New oil find won’t meet energy needs
The Daily Sentinel recently reported that huge oil reserves in North Dakota and Montana might contain 3 billion to 4.3 billion barrels of oil that could be extracted with current technology.
It is touted at being the largest potential oil resource in the 48 contiguous states
.
The same article reported that the United States had an estimated 21 billion barrels of proven oil reserves. The last sentence of the article stated that the U.S. uses about 7 billion barrels of oil a year.
According to my math teacher (old math, not new math), the above information translates into the fact we have only three years of proven oil supply and the “huge North Dakota-Montana reserve” would only provide the United States with a six-month supply.
Common sense tells us that the oil industry is not going to spend the billions and billions of dollars to prove and produce the North Dakota-Montana oil reserves for only a six-month supply.
Does all of this translate into $5 to $6-per-gallon gas, enriching the U.S. oil giants and OPEC nations even more?
We sure need to develop affordable alternative-energy sources.
LARRY M. HEAD
Hotchkiss
Land used for ethanol is lost to food production
Letter writer John Wells ignores the fact most of the farm land that is now growing corn for ethanol was previously growing corn and wheat suitable for human consumption. This has given cause for higher food costs across the board.
It is also now becoming clear that the process of producing ethanol is causing as much or more pollution as the petrol industry does.
MARK SMITH
Grand Junction
GOP and Democrats guilty of excess spending
I found the letter on the so-called Fair Tax in The Daily Sentinel’s April 29 issue very interesting.
In his first paragraph, the writer ridiculed as “childish” the very idea that the Republicans might spend more than the Democrats. If he referred only to tax money, as in “tax-and-spend-Democrats,” I’d have been forced to agree with that narrowed-down meaning.
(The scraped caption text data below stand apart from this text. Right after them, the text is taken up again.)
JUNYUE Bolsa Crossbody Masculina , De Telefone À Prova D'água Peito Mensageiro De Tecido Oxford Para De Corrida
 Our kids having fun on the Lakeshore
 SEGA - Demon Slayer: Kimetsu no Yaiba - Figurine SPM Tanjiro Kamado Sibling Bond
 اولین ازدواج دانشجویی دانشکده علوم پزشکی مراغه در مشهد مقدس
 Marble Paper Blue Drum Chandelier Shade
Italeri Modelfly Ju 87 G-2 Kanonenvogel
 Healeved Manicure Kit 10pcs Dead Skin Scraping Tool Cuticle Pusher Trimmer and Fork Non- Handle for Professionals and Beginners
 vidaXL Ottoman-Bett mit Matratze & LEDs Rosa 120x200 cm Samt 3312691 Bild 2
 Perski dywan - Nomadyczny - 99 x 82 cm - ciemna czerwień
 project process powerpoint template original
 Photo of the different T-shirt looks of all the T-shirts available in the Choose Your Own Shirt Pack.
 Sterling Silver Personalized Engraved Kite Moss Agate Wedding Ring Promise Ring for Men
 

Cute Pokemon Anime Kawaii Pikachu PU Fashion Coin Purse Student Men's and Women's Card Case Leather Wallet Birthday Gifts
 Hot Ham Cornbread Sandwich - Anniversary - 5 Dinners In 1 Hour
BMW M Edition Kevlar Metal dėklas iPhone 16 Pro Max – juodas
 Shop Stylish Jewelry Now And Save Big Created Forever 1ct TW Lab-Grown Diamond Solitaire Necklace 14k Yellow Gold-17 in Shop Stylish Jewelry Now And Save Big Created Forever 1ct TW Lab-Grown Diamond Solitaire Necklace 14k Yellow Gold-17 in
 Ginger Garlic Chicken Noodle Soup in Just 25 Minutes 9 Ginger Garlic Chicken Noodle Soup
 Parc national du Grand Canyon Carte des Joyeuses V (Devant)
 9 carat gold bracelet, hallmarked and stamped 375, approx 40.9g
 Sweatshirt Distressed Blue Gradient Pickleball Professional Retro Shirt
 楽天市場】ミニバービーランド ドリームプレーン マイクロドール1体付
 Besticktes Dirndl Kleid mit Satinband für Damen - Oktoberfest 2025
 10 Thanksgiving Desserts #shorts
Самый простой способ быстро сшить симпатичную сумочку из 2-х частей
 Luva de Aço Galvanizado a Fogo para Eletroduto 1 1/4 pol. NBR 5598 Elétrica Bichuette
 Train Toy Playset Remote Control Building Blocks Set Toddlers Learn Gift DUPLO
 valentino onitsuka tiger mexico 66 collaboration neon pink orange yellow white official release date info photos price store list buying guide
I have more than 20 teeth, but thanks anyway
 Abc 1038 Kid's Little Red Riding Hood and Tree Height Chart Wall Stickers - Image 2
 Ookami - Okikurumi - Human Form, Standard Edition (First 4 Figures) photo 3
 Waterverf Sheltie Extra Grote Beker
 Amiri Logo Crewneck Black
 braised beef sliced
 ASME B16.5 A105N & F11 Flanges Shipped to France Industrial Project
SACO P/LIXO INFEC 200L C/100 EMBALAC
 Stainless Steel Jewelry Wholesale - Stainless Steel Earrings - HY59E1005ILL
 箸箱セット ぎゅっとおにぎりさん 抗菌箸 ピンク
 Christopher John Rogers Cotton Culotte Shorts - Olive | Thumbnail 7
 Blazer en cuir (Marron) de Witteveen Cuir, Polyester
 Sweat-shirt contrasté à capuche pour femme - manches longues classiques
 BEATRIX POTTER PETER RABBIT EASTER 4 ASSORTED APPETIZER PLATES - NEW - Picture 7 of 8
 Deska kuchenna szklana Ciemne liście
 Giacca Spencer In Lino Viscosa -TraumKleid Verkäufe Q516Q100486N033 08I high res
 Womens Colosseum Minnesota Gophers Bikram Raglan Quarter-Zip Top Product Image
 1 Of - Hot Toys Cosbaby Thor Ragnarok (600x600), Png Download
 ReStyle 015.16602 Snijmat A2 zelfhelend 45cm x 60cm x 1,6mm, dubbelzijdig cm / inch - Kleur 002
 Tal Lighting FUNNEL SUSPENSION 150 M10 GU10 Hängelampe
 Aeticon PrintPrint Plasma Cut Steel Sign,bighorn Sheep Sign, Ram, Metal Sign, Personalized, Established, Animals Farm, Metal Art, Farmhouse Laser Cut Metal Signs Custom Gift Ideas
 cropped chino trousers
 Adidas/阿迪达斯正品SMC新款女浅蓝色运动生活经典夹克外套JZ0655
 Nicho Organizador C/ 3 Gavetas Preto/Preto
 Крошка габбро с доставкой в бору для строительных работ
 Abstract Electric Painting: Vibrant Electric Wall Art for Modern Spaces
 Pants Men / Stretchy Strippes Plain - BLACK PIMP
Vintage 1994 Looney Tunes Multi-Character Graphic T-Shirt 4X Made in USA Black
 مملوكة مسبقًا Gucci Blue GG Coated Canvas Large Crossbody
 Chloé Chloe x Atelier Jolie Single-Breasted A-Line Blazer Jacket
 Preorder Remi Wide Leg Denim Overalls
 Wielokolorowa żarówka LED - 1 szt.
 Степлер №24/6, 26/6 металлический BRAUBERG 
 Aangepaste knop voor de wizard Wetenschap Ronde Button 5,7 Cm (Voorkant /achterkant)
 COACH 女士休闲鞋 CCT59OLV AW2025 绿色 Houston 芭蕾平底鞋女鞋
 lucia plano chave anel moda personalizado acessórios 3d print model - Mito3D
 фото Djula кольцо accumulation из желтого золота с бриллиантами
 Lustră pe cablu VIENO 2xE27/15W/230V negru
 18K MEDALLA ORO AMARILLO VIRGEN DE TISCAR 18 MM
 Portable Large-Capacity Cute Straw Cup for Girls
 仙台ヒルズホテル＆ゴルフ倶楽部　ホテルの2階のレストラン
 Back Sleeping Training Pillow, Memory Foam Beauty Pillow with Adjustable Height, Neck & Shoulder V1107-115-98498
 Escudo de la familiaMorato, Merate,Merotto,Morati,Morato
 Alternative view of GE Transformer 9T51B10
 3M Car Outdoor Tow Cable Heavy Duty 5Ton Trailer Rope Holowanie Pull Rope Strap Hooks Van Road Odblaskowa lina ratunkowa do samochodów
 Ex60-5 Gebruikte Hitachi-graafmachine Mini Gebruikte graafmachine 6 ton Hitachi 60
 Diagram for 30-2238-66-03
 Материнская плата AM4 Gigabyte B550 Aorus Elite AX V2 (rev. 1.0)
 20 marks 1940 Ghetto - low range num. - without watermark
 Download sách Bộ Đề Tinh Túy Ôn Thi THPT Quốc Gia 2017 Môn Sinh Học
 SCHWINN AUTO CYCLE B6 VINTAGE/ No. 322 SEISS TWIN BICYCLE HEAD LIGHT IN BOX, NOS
But I’d still have had to point to total spending and compare the “tax-and-spend-Democrats” to the “borrow-and-spend-Republicans.”
When our present Republican administration took the reins in 2001, it inherited from the Democrats the lowest national debt in recent history.
In six short years, rather than pay-as-we-go taxing, they elected borrow-and-spend financing, running a war on credit and the national debt past it’s all-time total to some $8 trillion. Is this credit-card financing at the national level?
Seems to me that even though the Republicans might claim a lower tax-and-spend title, they should also claim that for free-style spending and outstanding overall debt growth for the American taxpayer, they remain the All Time Champeens!
By the way, I have a copy of the book, Fair Tax, which is 196 pages long, with just under seven pages devoted to explaining how it works. All the rest appears to be primarily “pitch-man” hype, without much attention to such small details as defining who deals with the flood of trillions of dollars from tens of millions of sources.
One more thing, the Statistical Abstract Of The United States for 2007 indicates a GDP of some $12.4 trillion for 2005, with a total tax income of about $2.1 trillion, just under 17 percent of the GDP.